Please repeat the data below exactly, with the pictures removed.

▶ _Data section_:
::::::
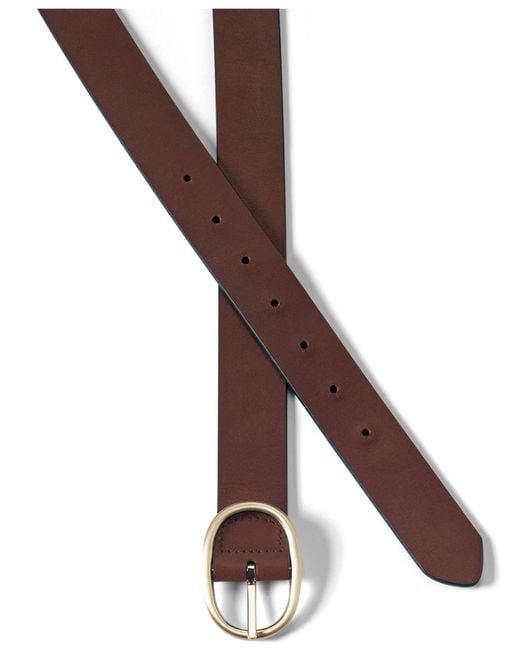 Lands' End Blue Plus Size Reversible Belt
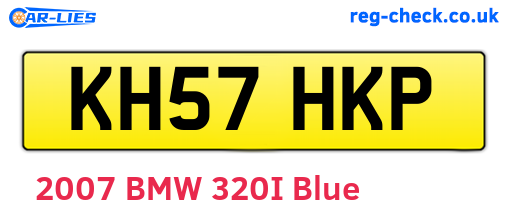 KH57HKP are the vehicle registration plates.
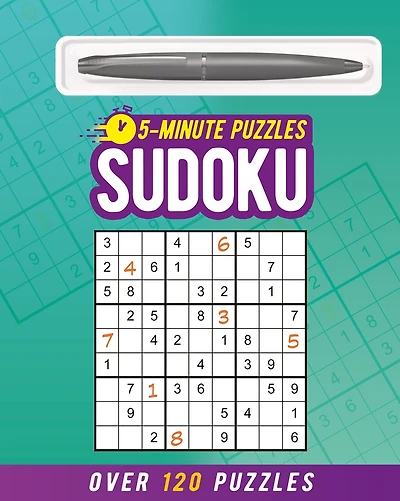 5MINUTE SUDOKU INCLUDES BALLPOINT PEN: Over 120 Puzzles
::::::
▶ _Solution for this exercise_:
 Lands' End Blue Plus Size Reversible Belt
 KH57HKP are the vehicle registration plates.
 5MINUTE SUDOKU INCLUDES BALLPOINT PEN: Over 120 Puzzles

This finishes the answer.